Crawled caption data
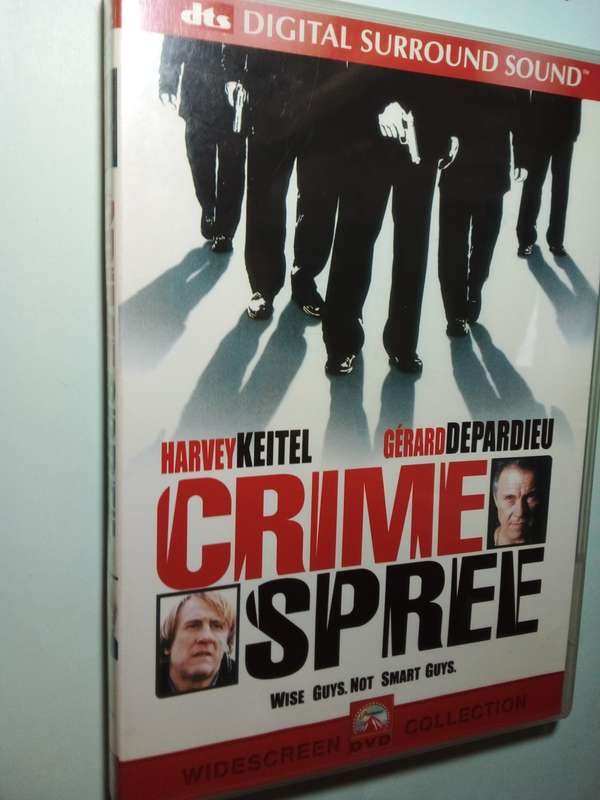 Crime Spree DVD Movie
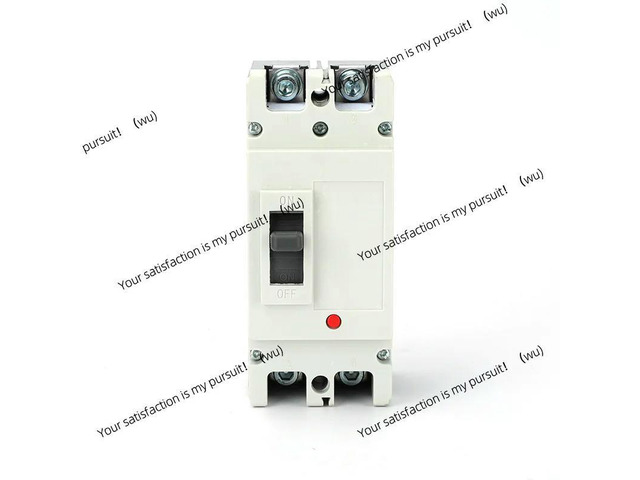 1-125 series two-stage molded case circuit breaker, low voltage 200A two-phase single-phase 500-1000 2P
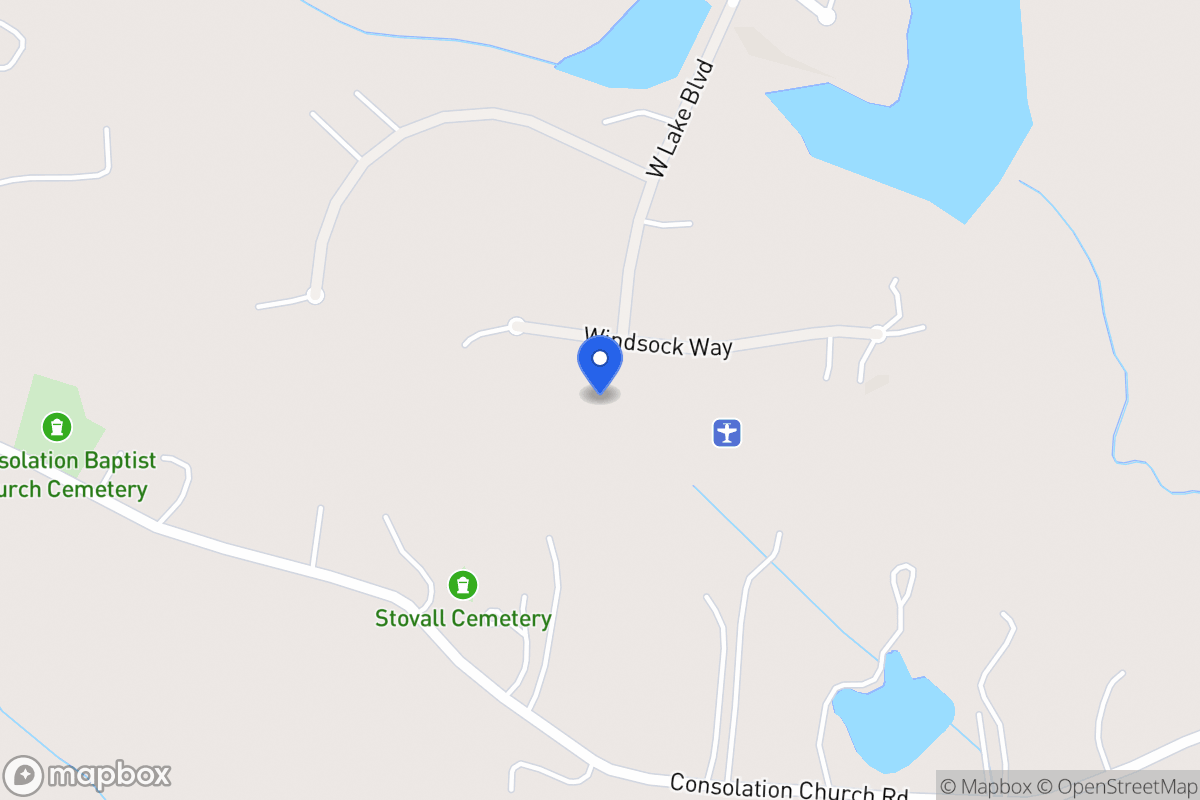 Map of 1008 Windsock Way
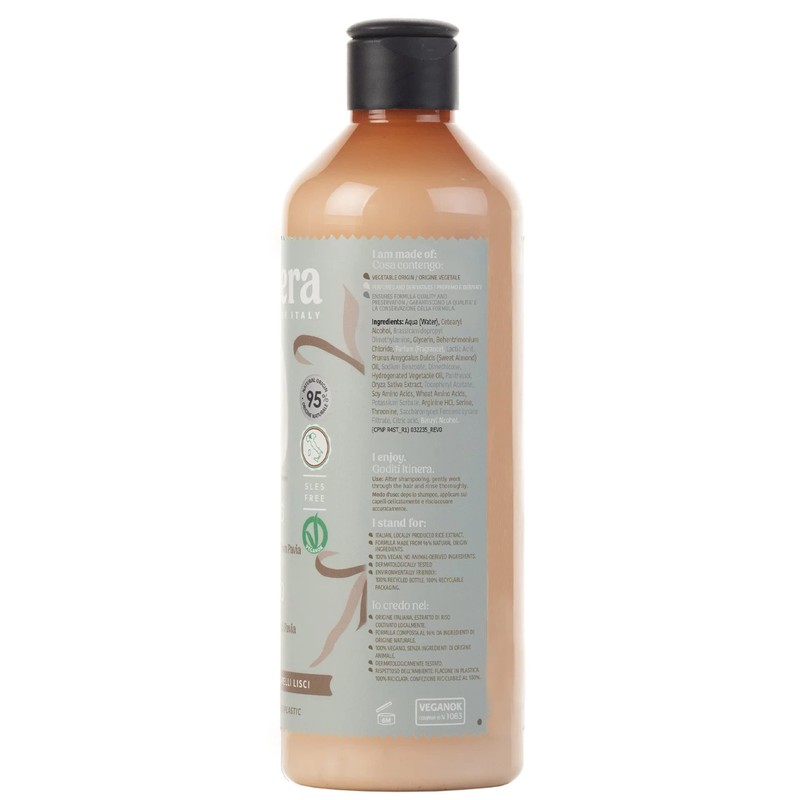 ITINERA Cosmetic Set Hair Conditioner and Shampoo for Oily Hair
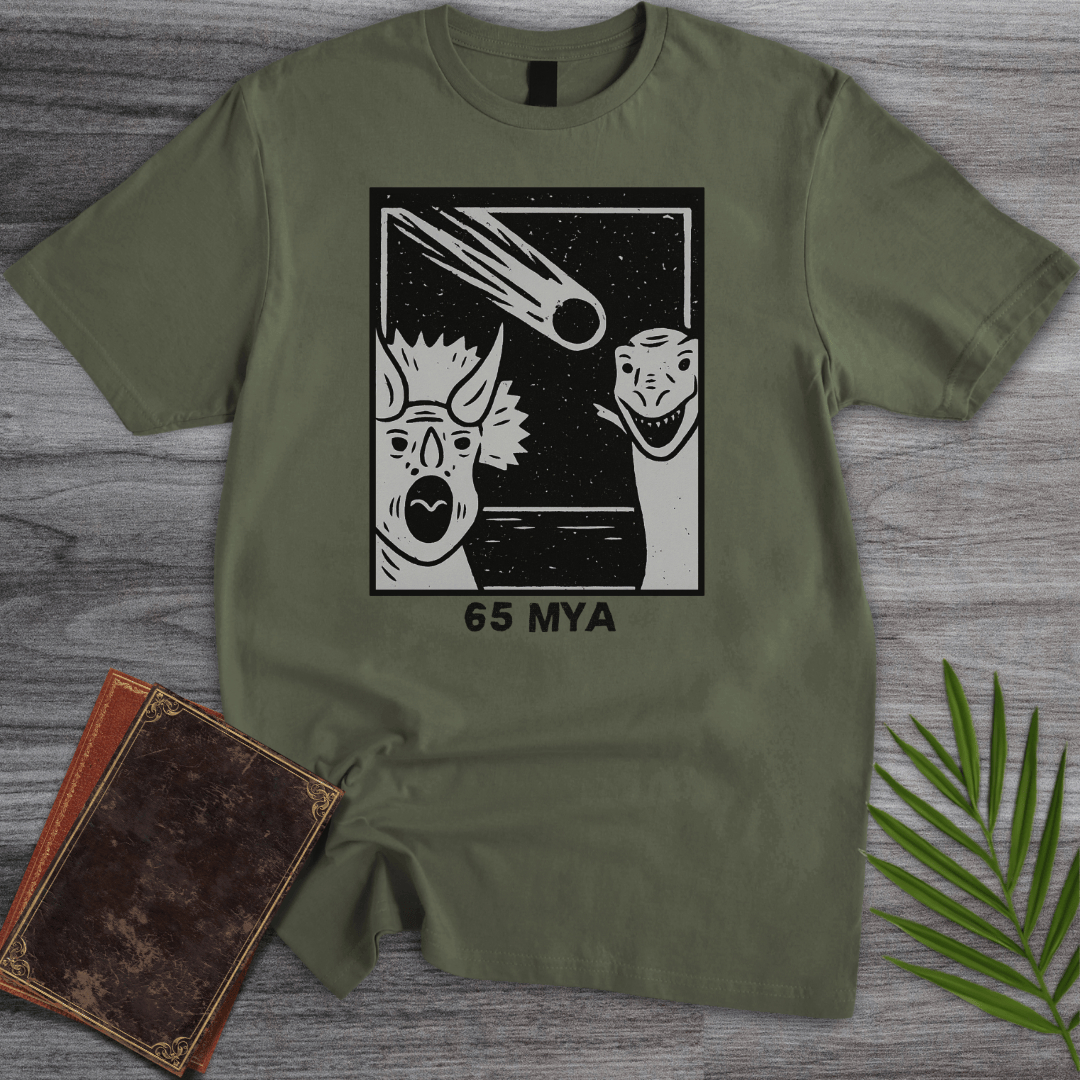 T-Shirt Military Green / S A Meteor 65 MYA T-Shirt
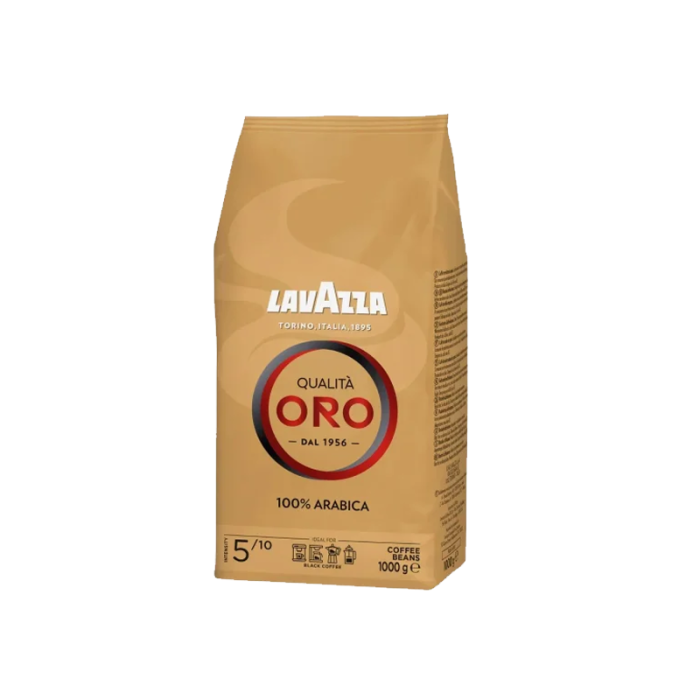 Pachet 6 x Lavazza Qualita Oro cafea boabe 1kg [4]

### Prompt
Write the lines from the one containing "ITINERA Cosmetic Set" through the end of the data above exactly as they appear, and do not carry over any picture.

### Finished exercise
 ITINERA Cosmetic Set Hair Conditioner and Shampoo for Oily Hair
 T-Shirt Military Green / S A Meteor 65 MYA T-Shirt
 Pachet 6 x Lavazza Qualita Oro cafea boabe 1kg [4]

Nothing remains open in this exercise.